With images removed, return the whole listing exactly as written.

## INFORMATION PROVIDED
= = =

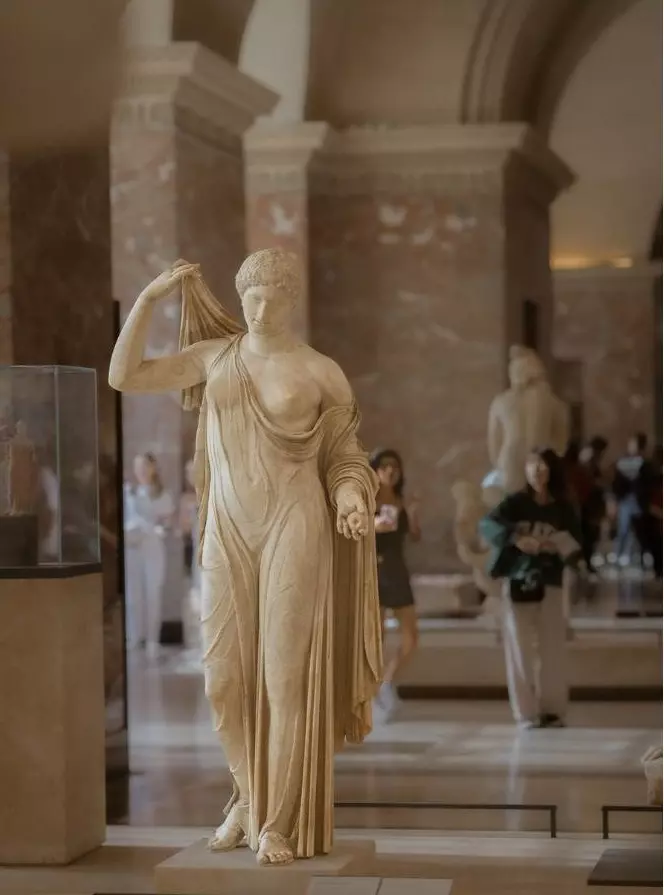 Statue antique en marbre d'une déesse drapée, dans une galerie de sculptures du Louvre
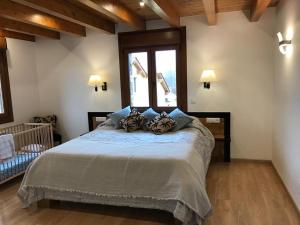 a bedroom with a large bed with blue pillows at Maison Cerdagne in Bourg-Madame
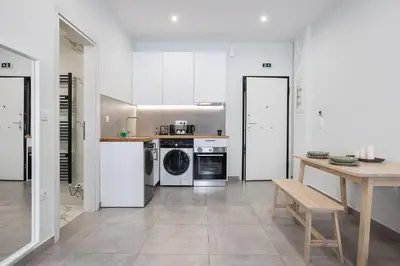 a kitchen with white cabinets and a table and a stove at The Omnia Collection Pagrati in Athens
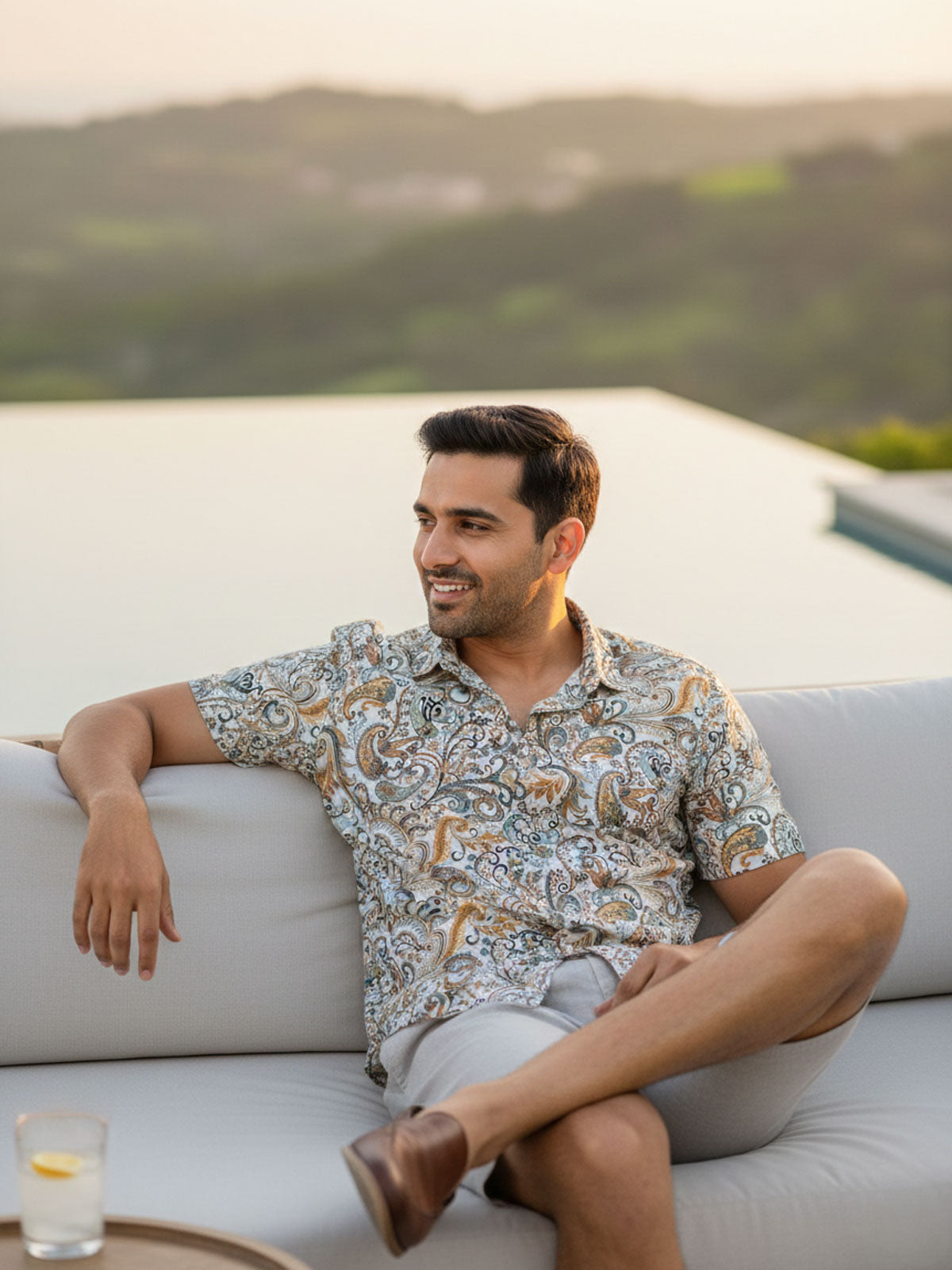 Man sitting on a white couch with a scenic background, wearing Privee Paris Paisley Print Shirt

= = =

## ANSWER BELOW
 Statue antique en marbre d'une déesse drapée, dans une galerie de sculptures du Louvre
 a bedroom with a large bed with blue pillows at Maison Cerdagne in Bourg-Madame
 a kitchen with white cabinets and a table and a stove at The Omnia Collection Pagrati in Athens
 Man sitting on a white couch with a scenic background, wearing Privee Paris Paisley Print Shirt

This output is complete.